The IRDAI has made it mandatory for all life insurers to offer from 1 April a standard annuity product it has developed for the average customer.
The single premium, non-linked, non-participating plan, called Saral Pension with the insurer’s name prefixed, will have simple features and standard terms and conditions. The minimum annuity payable is INR1,000 ($13.72) per month, INR3,000 per quarter, INR6,000 half yearly, and INR12,000 per annum. The purchase price, to be determined by insurers, will depend on the annuity amount. The plan is targeted at those aged between 40 and 80 years. There is no maturity benefit under the policy.
The product would reduce mis-selling as well as potential disputes between insurers and customers, the IRDAI says. The regulator says that a standard product will broadly meet the needs of an average customer who otherwise would have to select an annuity plan from among several individual immediate annuity products marketed by life insurers, with each product having its own features, terms and conditions, and annuity options.
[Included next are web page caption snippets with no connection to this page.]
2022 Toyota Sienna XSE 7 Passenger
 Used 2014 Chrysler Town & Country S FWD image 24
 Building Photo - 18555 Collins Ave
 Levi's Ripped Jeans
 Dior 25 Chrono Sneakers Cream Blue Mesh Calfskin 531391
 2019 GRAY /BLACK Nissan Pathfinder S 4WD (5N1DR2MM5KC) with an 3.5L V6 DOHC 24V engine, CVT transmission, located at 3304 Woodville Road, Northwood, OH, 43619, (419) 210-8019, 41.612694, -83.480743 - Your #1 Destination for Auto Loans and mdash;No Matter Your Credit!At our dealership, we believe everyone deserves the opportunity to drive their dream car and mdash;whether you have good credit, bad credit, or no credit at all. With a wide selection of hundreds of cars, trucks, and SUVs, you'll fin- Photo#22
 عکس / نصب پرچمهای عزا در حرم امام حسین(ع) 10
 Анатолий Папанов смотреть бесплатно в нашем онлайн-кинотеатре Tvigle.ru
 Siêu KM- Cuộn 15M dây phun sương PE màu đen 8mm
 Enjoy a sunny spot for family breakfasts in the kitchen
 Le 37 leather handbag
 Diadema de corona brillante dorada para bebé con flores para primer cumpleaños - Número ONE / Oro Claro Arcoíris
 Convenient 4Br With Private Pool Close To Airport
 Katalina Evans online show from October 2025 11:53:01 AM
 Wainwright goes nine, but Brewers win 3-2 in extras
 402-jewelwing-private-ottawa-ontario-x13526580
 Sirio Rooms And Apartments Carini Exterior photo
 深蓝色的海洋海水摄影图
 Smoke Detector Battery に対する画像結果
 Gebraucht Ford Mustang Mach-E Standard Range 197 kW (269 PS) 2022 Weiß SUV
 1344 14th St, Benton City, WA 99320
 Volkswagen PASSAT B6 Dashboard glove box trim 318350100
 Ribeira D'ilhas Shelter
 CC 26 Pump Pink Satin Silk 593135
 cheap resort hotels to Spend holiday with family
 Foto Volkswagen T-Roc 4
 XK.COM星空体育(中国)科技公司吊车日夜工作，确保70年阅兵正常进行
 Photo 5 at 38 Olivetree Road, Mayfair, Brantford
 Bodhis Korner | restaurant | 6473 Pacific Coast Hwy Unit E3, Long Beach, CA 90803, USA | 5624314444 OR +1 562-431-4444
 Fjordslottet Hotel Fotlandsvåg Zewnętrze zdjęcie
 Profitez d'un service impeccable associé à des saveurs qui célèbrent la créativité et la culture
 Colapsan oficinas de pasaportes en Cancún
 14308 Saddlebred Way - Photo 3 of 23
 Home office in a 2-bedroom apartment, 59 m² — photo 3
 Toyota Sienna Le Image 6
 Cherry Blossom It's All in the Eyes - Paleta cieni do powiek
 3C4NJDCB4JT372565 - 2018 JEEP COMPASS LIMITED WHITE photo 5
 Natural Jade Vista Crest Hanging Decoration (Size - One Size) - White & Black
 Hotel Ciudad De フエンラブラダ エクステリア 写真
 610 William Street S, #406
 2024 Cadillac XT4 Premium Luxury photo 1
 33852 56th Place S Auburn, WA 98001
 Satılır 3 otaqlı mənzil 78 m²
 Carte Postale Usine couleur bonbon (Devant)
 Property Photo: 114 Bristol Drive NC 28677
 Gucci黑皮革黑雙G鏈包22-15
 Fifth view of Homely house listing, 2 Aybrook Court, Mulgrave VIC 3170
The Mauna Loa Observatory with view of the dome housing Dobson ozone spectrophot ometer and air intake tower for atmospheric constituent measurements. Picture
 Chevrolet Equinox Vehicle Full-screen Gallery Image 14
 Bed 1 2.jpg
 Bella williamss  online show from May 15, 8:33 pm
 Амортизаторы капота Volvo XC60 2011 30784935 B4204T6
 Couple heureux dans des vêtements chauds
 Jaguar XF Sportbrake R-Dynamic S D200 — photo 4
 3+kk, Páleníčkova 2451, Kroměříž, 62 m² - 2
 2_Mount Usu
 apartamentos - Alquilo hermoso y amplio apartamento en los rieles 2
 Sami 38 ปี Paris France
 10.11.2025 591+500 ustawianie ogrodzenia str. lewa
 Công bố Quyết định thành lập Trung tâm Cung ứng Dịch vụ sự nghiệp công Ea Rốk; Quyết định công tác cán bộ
The regulator stipulates two annuity options that can be offered.
Under the first option, there is the life annuity with a return of 100% of the purchase price. The annuity will be paid for life. In addition, 100% of the purchase price will be paid to the nominee / legal heirs on the death of the annuitant.
Under the second option, which is the joint-life last-survivor annuity with a return of 100% of the purchase price, the annuity is first paid to the annuitant for life. After the death of the annuitant, if the spouse is surviving, he/she will continue to receive the same amount of annuity for life. On the death of the spouse, the purchase price shall be payable to the nominee/legal heirs. In the case where the annuitant survives the spouse, the purchase price shall be payable to the nominee/legal heirs on the death of the annuitant.